こちらはローライコード。個体の中にはチャージレバーの作動が非常に重い(渋い)個体があります。清掃とグリス塗布をしておきます。
革ケース入りの個体なので非常にきれいなのですが、どこかに当てて塗装剥離があります。
ローライフレックス・スタンダードは1932(昭和7年)となっていますね。零戦は1940(昭和15年)正式採用ですからそれより古いカメラを本気で使おうという方が居るのが不思議です。ビュー・テイクともレンズは曇っちゃっています。これ落ちそうもありません・・
一番の問題はシャッターは辛うじて切れるが中低速が全く利かない。BやTが作動しない。点検するとスローガバナーががっちり固着して動きません。スローガバナーは一種の時計ですので、零戦の計器盤に付いている航空時計を直せと言われているようなもの。
だってこれだよ。軸の固着を剥がせても、アンクルとガンギ車の微妙で精密な作動が出来るわけがない。
次の問題。BとTが作動しない。シャッター羽根の動きとここが悪い。
問題はビューレンズ。後玉の後端がなぜか潰されていて後玉のリングナットが途中までしか外れてこない。
まぁ、出来るところまでということで・・完成したシャッターを前面ボードに取り付けます。
ローライフレックス・オリジナルでは前面ボードの繰り出し軸が3点で強度不足であったものがスタンダードでは4点となって改良されていますね。
スクリーンは水準器部分は素通しで残し他の部分をブラストしています。
水準器はバネ線のホルダーに支持されていてスクリーンに密着する構造です。
フィルムカウンターの復帰はこのボタンというかピンを押し込みます。巻上げレバーは真鍮板の打ち抜き製で、出っ張りがなく本体にピタッと添ってスッキリしています。

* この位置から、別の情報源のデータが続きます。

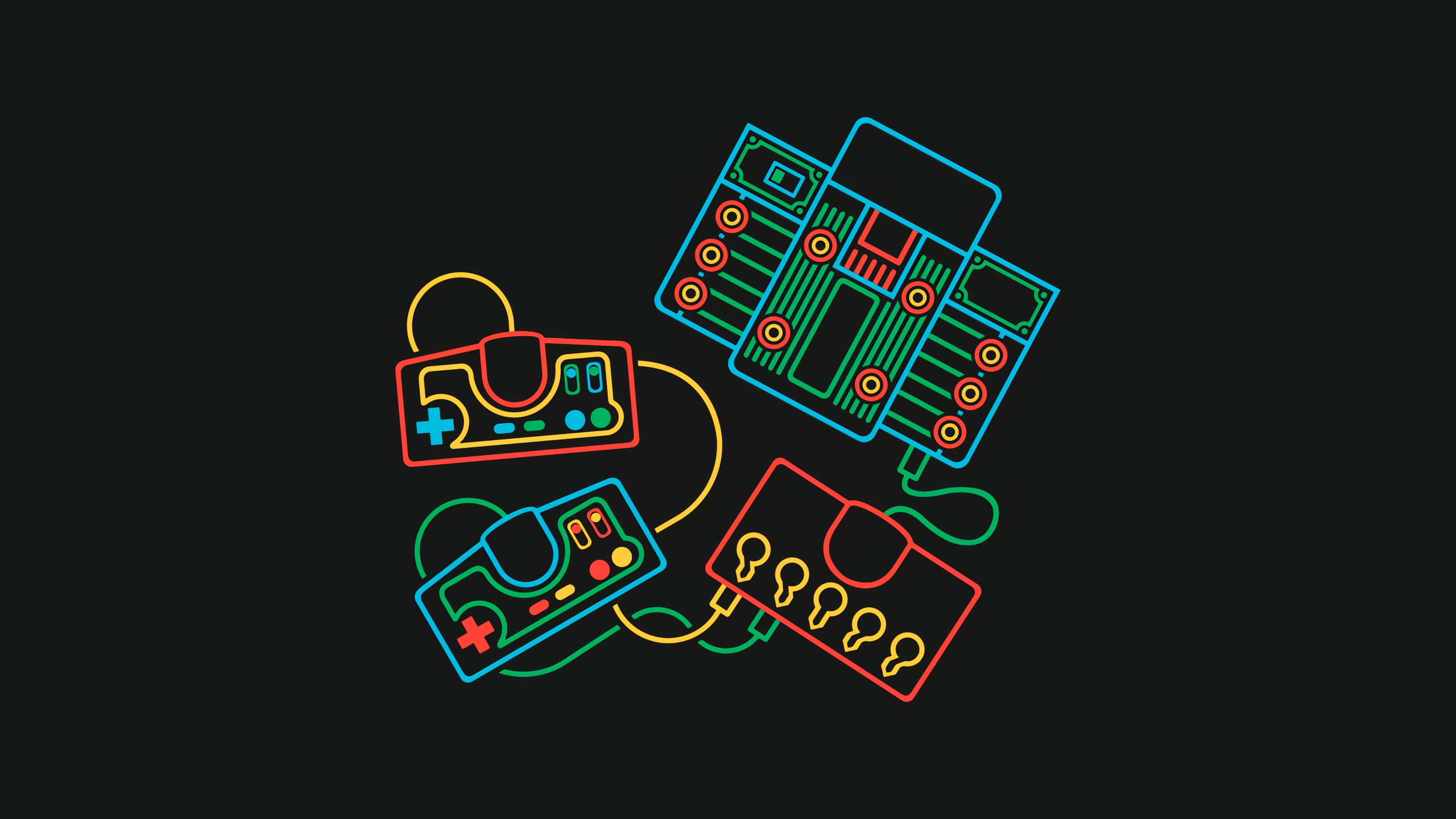 Retro game controllers and circuit board illustration HD Wallpaper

昭和7年と言えば零戦どころか零戦の64機撃墜王、坂井三郎氏が実戦配置前の延長教育で使用した複葉機の九〇式艦上戦闘機が採用された年ですね。同時期にドイツよりOPL(光像)式の射爆照準器も入って来ました(冨岡光学などでコピー)から光学兵器では日本は全く後れを取っていた時代で、このカメラも大変高価で貴重なものだったのでしょうね。